RS3: No, you can answer, because you already did. If you don’t know what facts he has, then you’ve admitted that he can’t have all the facts, since you would have to admit that in order for Fr. Peter to make such a conclusion he would have to know all the facts of the case. For if he doesn’t know all the facts, then he should only be making guesses, not absolute conclusions. But you and Fr. Brown are not guessing. You have both made absolute conclusions (there ARE errors in Scripture) yet neither of you have all the facts, since it is impossible to have all the facts. Since it is impossible to know all the facts, then the only way we can be dogmatic about any errors in Scripture is if the infallible Magisterium tells us. So far, by your own admission, they have not told us. Therefore, we have no right to make such conclusions about Scripture. So you have overstepped your bounds, Jorge, and so has Fr. Brown. I implore you to retreat.
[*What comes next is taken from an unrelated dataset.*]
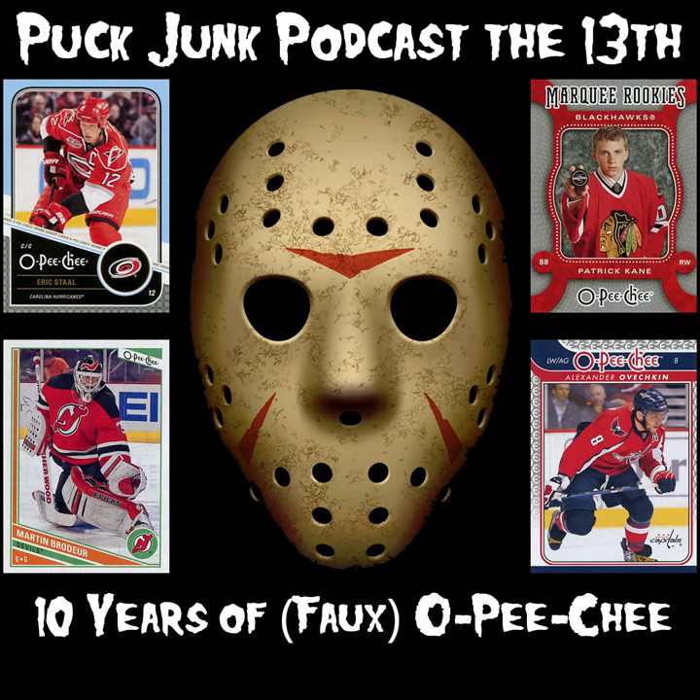Welcome to podcast the 13th. Tim, how you doing today? I am fantastic. Are you peachy? I am OPC! That's funny that you should say that, because today we are going to talk about OPC, or as I like to call the past 10 years of OPC cards: faux peachy. Because they're not made by Topps or OPC, but they're made by Upper Deck, who licensed the name OPC from Topps.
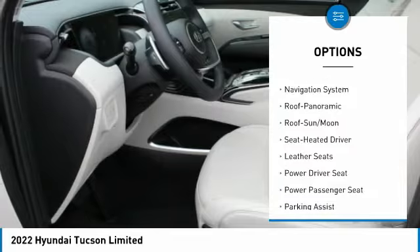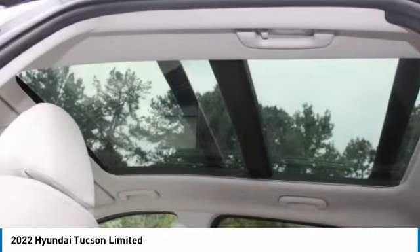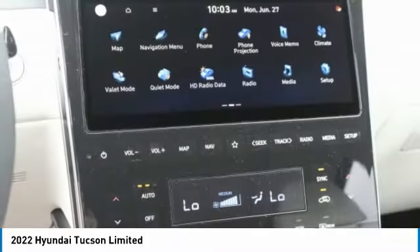Mirror memory, remote trunk release, FWD headlights auto off, navigation system. This vehicle offers reliability and good looks at a great price, so come in and take a test drive today.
"RS2: I didn't say you were a heretic, Jorge, for, as you say, only the Church can make that determination, since it is based on the intent of the individual. I said your view of Scripture is heretical, as did all the Popes and Councils who spoke on this issue."
JA: Nope. You are providing "infallible" interpretations of what the Church has taught. I don't agree with your interpretations. My view isn't heretical and only the Church can say that it is. You can say, for instance, that you believe that it is heretical or in your opinion it is heretical. But, you shouldn't say, definitively, that it is. That is a usurpation of the role of the Church.
RS3: Fine, we’ll let the Church judge you. Far be it from me. But since you’ve already admitted that the Church has not taught that there are errors in Scripture, but you say there ARE errors in Scripture, sounds like you and the Church are not on the same wavelength. And since we it seems that Vatican II, by itself, is not clear enough to settle the issue for you, could you perhaps provide documentation from previous popes and councils that will give some credibility to your interpretations of Vatcian II? Or do you believe that Vatican II operates in a vacuum or can contradict previous Church teaching?
RS2: "Pius IX in Syllabus of Errors, condemned the following notion: "The prophecies and miracles set forth and recorded in the Sacred Scriptures are the fiction of poets, and the mysteries of the Christian faith the result of philosophical investigations. In the books of the Old and the New Testament there are contained mythical inventions...""
JA: Oh goodie. Brown deals with this. I will provide you an excerpt from his book Biblical Exegesis and Church Doctrine (a book I highly recommend you get and read).
RS3: Please do.
RS2: "Pope Leo XIII, in Providentissiums Deus, "It is absolutely wrong and forbidden either to narrow inspiration to certain parts only of Sacred Scripture or to admit that the sacred writer has erred.""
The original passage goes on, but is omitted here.